王道の味にさりげないひと工夫を加味した品々が秀逸。飽きのこない美味しさが持ち味だ。また、自家製山椒タルタルなど酒が進むつまみも充実。

赤羽橋『宮わき』の「天然鮎の炊き込みご飯」
東京カレンダー


「天然鮎の炊き込みご飯」¥3,500。

鮎は高津川産。米一合半に対し、鮎は3尾を使用。三枚におろし、その骨でとった出汁で炊いている。

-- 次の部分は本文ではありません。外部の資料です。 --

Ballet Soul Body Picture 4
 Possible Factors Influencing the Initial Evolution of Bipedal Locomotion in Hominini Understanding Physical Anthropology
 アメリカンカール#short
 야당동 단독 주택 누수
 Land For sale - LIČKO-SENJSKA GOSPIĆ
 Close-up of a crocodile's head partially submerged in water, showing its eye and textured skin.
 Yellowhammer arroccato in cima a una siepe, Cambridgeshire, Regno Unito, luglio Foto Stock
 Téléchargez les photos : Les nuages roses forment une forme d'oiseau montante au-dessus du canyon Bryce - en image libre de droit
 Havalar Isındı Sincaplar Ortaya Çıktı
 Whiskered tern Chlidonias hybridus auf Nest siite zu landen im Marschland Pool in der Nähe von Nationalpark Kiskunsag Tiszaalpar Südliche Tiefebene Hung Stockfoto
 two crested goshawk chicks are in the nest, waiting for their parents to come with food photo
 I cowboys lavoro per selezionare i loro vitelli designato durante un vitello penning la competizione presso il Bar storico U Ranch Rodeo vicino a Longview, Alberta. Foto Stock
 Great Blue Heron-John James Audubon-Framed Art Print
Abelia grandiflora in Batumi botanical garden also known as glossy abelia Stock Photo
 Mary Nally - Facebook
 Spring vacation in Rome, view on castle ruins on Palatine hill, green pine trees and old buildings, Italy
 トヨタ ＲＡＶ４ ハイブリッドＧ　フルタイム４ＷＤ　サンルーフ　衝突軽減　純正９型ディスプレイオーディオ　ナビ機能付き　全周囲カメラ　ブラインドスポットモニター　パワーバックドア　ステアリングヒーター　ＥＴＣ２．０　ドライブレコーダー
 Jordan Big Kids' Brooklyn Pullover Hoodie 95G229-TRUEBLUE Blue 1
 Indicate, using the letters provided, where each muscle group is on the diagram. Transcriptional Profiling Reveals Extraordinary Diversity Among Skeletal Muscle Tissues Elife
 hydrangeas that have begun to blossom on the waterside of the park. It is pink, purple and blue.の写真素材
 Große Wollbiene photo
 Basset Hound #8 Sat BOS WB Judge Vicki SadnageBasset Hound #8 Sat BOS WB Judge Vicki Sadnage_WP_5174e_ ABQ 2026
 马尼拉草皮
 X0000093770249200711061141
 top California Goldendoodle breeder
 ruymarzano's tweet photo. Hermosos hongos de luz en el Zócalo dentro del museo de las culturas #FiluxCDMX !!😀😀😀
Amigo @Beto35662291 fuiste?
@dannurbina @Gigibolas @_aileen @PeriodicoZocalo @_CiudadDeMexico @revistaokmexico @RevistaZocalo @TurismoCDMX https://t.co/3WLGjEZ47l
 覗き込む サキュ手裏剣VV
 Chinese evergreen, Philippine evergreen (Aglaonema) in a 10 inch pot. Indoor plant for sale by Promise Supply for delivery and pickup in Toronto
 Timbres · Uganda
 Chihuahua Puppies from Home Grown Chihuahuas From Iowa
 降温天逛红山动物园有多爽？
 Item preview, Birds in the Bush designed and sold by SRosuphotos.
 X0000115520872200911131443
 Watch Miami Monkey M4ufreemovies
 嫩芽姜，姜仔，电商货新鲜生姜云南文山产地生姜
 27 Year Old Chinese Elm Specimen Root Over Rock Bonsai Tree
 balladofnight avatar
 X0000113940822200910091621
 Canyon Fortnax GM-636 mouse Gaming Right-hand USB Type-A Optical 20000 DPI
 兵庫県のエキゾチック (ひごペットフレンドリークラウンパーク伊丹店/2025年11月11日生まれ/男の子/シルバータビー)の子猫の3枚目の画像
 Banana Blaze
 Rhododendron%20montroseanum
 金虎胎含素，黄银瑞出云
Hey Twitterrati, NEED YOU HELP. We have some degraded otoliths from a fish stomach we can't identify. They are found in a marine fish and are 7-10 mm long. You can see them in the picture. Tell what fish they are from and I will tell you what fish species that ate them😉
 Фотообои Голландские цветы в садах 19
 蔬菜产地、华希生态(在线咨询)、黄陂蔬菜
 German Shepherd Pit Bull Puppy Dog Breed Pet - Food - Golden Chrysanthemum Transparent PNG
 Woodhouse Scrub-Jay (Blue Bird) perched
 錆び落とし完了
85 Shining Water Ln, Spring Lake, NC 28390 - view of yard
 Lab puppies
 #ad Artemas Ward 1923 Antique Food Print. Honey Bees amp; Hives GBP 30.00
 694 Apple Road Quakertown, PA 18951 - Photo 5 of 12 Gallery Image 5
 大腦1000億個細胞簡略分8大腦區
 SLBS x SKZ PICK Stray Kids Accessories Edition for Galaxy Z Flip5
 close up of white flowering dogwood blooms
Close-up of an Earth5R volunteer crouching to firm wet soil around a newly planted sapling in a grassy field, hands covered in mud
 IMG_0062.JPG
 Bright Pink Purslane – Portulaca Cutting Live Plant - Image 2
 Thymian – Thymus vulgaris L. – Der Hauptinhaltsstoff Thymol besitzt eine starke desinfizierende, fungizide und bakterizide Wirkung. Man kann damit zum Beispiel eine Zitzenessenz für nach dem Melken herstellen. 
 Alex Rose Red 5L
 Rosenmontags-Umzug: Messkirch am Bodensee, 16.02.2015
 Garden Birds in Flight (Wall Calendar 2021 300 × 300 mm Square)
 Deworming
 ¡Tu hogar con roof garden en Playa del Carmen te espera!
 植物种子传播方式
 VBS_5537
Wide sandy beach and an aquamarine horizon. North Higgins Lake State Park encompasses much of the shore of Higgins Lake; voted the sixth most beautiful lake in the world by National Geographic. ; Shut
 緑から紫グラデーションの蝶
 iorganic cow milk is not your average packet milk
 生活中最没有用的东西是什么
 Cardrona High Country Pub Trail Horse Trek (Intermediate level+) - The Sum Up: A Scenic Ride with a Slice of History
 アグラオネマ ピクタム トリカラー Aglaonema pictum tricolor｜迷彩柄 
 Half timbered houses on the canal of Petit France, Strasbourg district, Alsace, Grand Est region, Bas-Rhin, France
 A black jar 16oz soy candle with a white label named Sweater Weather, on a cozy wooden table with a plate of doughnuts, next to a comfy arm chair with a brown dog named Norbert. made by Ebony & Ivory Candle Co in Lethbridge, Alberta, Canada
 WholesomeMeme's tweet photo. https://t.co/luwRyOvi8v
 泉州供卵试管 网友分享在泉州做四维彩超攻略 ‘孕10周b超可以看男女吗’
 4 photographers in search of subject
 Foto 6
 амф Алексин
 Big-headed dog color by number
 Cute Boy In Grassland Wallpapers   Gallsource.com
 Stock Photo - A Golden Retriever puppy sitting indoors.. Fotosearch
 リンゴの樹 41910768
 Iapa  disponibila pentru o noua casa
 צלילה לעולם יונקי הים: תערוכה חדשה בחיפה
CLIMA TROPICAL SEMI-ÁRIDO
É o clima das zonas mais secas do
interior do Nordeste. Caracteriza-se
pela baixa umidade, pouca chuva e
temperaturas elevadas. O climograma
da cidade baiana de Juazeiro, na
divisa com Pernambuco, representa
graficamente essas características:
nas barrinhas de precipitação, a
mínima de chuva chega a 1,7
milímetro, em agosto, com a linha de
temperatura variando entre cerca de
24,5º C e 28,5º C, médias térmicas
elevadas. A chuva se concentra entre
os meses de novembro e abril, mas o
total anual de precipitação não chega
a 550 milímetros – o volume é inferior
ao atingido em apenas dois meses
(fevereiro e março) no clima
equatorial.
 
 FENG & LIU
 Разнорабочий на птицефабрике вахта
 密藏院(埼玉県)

赤羽橋『宮わき』で提供している「王祿 純米大吟醸 袋吊斗瓶 2019」
日本酒は辛口、旨口、すっきりしたものからしっかりめまで20~30種。写真はしっかりした味わいの日本酒が好みという宮脇さんオススメの「王祿 純米大吟醸 袋吊斗瓶 2019」一合¥3,000


酒は日本酒はもとより、ブルゴーニュを中心にワインも豊富。

赤羽橋『宮わき』で提供している「ニュイ・サンジョルジュ・クリュ・クロ・ド・ラ・マレシャル2023」
店内にはウォークインワインセラーもあり、ワインはブルゴーニュを中心に充実。写真は「ニュイ・サンジョルジュ・クリュ・クロ・ド・ラ・マレシャル2023」¥79,200。泡、白、赤のグラスも用意


ここならワインに合わせて料理を選ぶ逆ペアリングも楽しめそうだ。

4.食への好奇心を掻き立てられる巻物メニューの存在感たるや 『楽食ふじた』@中目黒

中目黒『楽食ふじた』の藤田敏行氏
京都の料亭や大阪の日本料理店で修業後、上京。「コース料理のように事前に段取りを組むより、注文に応じて調理するのが楽しいですね」と藤田さん。自身も外食ではアラカルトでいろいろな料理を頼むのが好きだそう
量にも柔軟に対応してくれる懐の深さに何度も訪れたくなる


中目黒の山手通りを、不動前方面へ。通り沿いにさりげなく佇むのが、割烹『楽食ふじた』だ。

初見のゲストがまず驚くのが、巻物のようなアラカルトメニュー。店主・藤田敏行さんの手書きによるもので、達筆さに驚くが、それより100品近くあるというから驚愕。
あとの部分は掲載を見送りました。